# Cateye Stealth 50



## Krunk_Kracker (Dec 31, 2012)

Does anyone have any experience with this computer?

I was going to get a Garmin Edge 200, I just wanted something cheap so I can stop using my old cell phone, and this seemed to fit the bill at $130 from my LBS.

Another LBS, got in these Cateye Stealth 50's, and they are $150, and they are ANT+ as well, for $20 more than the Garmin, they seem to be the better choice, but they are also brand new.

Does anyone have experience with these yet?

CC-GL50 | CATEYE


----------



## Krunk_Kracker (Dec 31, 2012)

Not a single reply, eh? haha

Picked it up anyways, it's nice and I like it already.
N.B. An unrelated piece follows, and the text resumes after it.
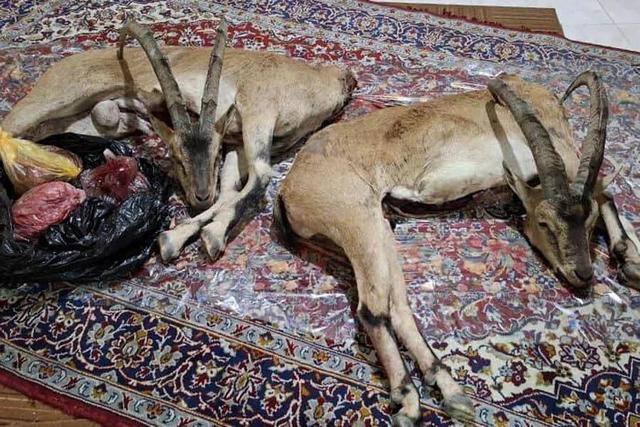 کشف لاشه ۲ کل وحشی و بازداشت شکارچیان غیرمجاز در میامی سمنان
Only thing is, you need a PHD in Engrish for the manual that comes with it, but if you go to the website, you can find a manual in perfect English. That's my only complaint so far.


----------



## Harold (Dec 23, 2003)

by all means, post updates about it. your advice might sway someone one way or another on it.


----------



## letsdive64 (Apr 22, 2013)

Used it for 3 days and returned it. I could not get it to work with their website.


----------



## Krunk_Kracker (Dec 31, 2012)

NateHawk said:


> by all means, post updates about it. your advice might sway someone one way or another on it.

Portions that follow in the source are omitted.